I appreciate all that you are doing for the sport, however, for me it just doesn't work. I do not think people will really get it if you know what I mean, and it could look fairly weird for a 15 yr old. I am into slingshots, however I do not think that I would be too comfortable in going to the local mall (for example) with that on me, it might just draw a little unwanted attention









Otherwise, talking "design" I do not think it is that bad, for someone who would actually want to wear it.

Maybe if you make a camo version, without the "I love slingshots", but with just the pic of the catty, then I may get one to take out hunting, Im sure that would be more of a hit among slingshot shooters. 
However, for casual clothing, the subject does not seem right IMHO.

Just my personal view. Good job for experimenting though !!









Cheers,
AJ


----------



## haertig (Jul 30, 2010)

smitty said:


> Yes to a camo shirt with a small slingshot logo only or dark shirt with slingshot only but small slingshot where a pocket would be.

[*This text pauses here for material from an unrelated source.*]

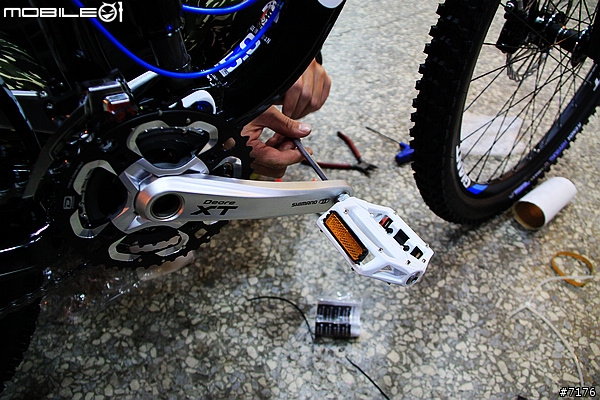 2011 GIANT Trance X2 開箱文 （圖多）2010/12/16 新增爆亮頭燈！2011/03/19 新增GARMIN EDGE 800!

And embroider the slingshot emblem. That looks so much classier than the silk-screen stuff IMHO. Plus, don't go cheap on the T-shirt. Use a high quality heavy duty one. The best T-shirt you can find. I'm more than willing to pay additional money for a quality offering.


----------



## SuwaneeRick (Apr 4, 2011)

I'm an avid T-shirt collector, but this design doesn't appeal to me. I'd go for something with a more masculine design on a black or tan T-shirt. A silhouette of a shooter with bands outstretched would be really cool.


----------



## Gwilym (Dec 9, 2010)

Actually I would like to add also that I would prefer a darker colour with a different logo. A flippinout slingshot logo would be cool.


----------



## Performance Catapults (Feb 3, 2010)

T-shirts are expensive these days. The girl that did my screens said that there have been four price increases since November.

Camo shirts are difficult to print on because the dyes are so strong in the camo patterns. To top it off, the camo shirts are quite a bit more expensive.


----------



## flippinout (Jul 16, 2010)

Wow!! Thanks for all the feedback. I wish that i had done this poll before i printed the t shirts.

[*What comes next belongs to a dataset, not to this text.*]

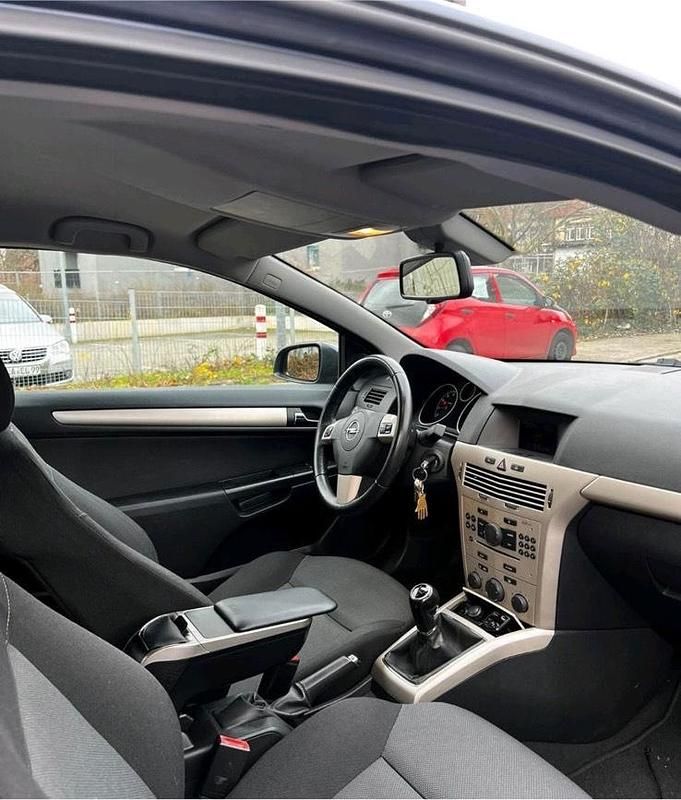 Gebraucht Opel Astra 106 PS (77 kW) 2007 Blau Coupé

I won't take the time to reply to every comment- but thank you all for your time to reply.

I was shooting for creating an message about slingshots built around iconic images. The "I Love NY" shirt that John Lennon made famous was the original inspiration. The other being the profile of a natural slingshot, to evoke the "Dennis the Menace" notion. Both of these are most likely lost on those under 40 years of age.

I honestly had no idea that slingshot enthusiasts were such die hard, camo wearing, anti red heart folks. Though, upon being in the sport and the fact that it is little different from other shooting sports, i am not at all surprised- my bad for not doing the market research. Besides, i am not in the Tshirt business and was only wanting to provide some swag for the slingshot enthusiast. In hindsight, perhaps a bumper sticker would have been the logical choice for this image.

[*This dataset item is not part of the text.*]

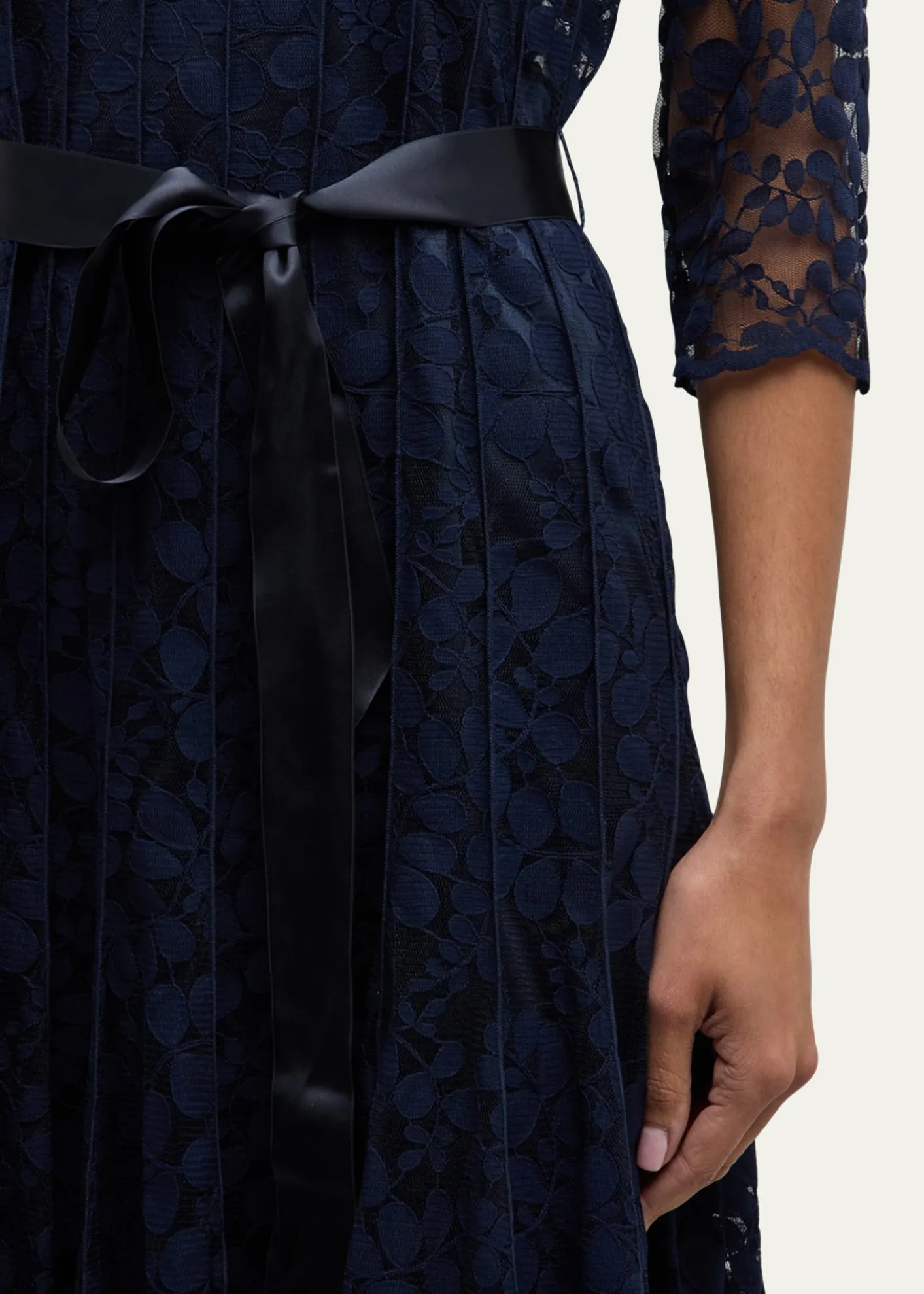 Rickie Freeman for Teri Jon3/4-Sleeve Lace Overlay Cocktail Dress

Fortunately, I only had 50 of these printed. Unfortunately, i had them printed on high quality Hanes tagless tees, and they were a premium for such a small run. As such, I am still siting on over $300 worth of Tshirts that will eventually sell, be given as gifts, or make the most expensive shop rags east of the Mississippi.

If you are one of the few who would purchase this shirt, but don't want your fellow slingshot enthusiast to know that you may wear such an atrocity, send me a PM and we can work out a great deal!!


----------



## M.J (Nov 1, 2010)

flippinout said:


> Wow!! Thanks for all the feedback. I wish that i had done this poll before i printed the t shirts.
> 
> I won't take the time to reply to every comment- but thank you all for your time to reply.
> 
> ...


I don't wear camo, but I would put this logo on a bumper sticker for sure! I imagine it's once bitten, twice shy for you at this point though.
Sling-shooters seem to be a stealthy bunch, for the most part.


----------



## harpersgrace (Jan 28, 2010)

Dark colors great, smaller logo great, hate camo on clothing...


----------



## Gwilym (Dec 9, 2010)

I would prefer dark over camo any day personally.


----------



## haertig (Jul 30, 2010)

I'm not really into camo and I'm not stealthy. I would gladly wear a shirt with slingshot prints on it in public. This is not necessarily so for shirts for my other hobbies. People can get a little sensitive if you wear a shirt with a picture of a rifle on it, even though I only use mine for target shooting. So I thought I would split the difference between what I wanted to wear, and what was politically correct, and got myself a shirt that simply said "Molon Labe". Written with the original Greek stone-etched symbols. But then, two people came up and asked me why I was wearing a shirt that said "Moron Babe" on it (one of the people asking was my wife). Sigh...

http://www.molonlabe...pup_image&pID=3

Here's the shirt I wear to the range when shooting, but not too much in public. Not that I'm ashamed, but I just don't want to offend people unnecessarily. And some people are really easy to offend.

http://www.molonlabe...pup_image&pID=7


----------



## bunnybuster (Dec 26, 2009)

flippinout said:


> Wow!! Thanks for all the feedback. I wish that i had done this poll before i printed the t shirts.
> 
> I won't take the time to reply to every comment- but thank you all for your time to reply.
> 
> ...


----------



## bunnybuster (Dec 26, 2009)

I wouldnt wear it to work, but it is a nice shirt to wear to events.
Chicks dig it








Wish I had one now. 
ZZ Top and Lenoard Skinner concert friday night


----------



## Ferret1959 (Jul 15, 2010)

Would they be any good for target back stops?


----------



## haertig (Jul 30, 2010)

bunnybuster said:


> ZZ Top and Lenoard Skinner concert friday night


I saw both of those bands in concert in my youth (assuming you meant Lynyrd Skynyrd). The warm up bands for ZZ Top were Joe Cocker and then this new band nobody had heard of yet ... Bad Company! ZZ Top amazed us with their abiity to produce a pretty full sound with only three members in the band (their recordings are heavily multi- tracked). Joe Cocker amazed us with his ability to look like he was having a seizure while still performing. Bad Company was just - Wow! Everybody loved this new band we were seeing for the first time. For Lynyrd Skynyrd, what I remember was going crazy with the crowd singing Sweet Home Alabama as loud as we could. I remember how sad it was when half of their band was wiped out in that plane cash in the mid-70's.

That sounds like a great concert! Have fun!!!


----------



## kyrokon (Feb 11, 2011)

I dont wear hearts, princesses, rainbows, flowers, kittens, puppys or smiley faces on any shirt. But if I did I would buy one.


----------